> _Activity_:
Your job is to copy the lines from the material that include "figure".

>>

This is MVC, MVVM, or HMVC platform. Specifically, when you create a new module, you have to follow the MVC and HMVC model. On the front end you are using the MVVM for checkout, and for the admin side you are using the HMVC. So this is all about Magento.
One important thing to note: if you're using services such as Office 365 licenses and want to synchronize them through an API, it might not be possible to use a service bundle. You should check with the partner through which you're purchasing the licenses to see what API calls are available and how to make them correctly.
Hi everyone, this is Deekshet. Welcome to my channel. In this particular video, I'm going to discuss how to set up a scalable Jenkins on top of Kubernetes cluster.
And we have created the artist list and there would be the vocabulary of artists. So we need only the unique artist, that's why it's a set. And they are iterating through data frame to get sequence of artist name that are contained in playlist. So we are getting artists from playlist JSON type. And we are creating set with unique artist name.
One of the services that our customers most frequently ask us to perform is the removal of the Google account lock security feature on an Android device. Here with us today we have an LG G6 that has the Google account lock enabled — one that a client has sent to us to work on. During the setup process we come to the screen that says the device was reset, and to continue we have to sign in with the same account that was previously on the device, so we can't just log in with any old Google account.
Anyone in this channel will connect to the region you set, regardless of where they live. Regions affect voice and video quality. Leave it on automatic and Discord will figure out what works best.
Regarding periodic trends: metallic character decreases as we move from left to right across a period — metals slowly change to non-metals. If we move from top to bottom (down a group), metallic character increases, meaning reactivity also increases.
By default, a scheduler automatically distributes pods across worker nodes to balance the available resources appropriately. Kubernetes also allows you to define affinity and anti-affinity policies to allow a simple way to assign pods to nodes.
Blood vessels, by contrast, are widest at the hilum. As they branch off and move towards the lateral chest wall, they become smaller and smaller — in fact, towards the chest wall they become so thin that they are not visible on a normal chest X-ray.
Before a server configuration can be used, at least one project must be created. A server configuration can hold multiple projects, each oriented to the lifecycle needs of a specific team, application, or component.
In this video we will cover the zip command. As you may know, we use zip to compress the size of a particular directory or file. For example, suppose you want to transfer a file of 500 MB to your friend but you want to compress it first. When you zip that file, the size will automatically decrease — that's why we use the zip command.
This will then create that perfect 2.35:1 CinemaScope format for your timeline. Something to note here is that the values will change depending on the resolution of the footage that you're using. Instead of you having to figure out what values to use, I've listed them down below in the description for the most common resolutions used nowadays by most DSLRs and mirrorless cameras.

<<

> _Result_:
Anyone in this channel will connect to the region you set, regardless of where they live. Regions affect voice and video quality. Leave it on automatic and Discord will figure out what works best.
This will then create that perfect 2.35:1 CinemaScope format for your timeline. Something to note here is that the values will change depending on the resolution of the footage that you're using. Instead of you having to figure out what values to use, I've listed them down below in the description for the most common resolutions used nowadays by most DSLRs and mirrorless cameras.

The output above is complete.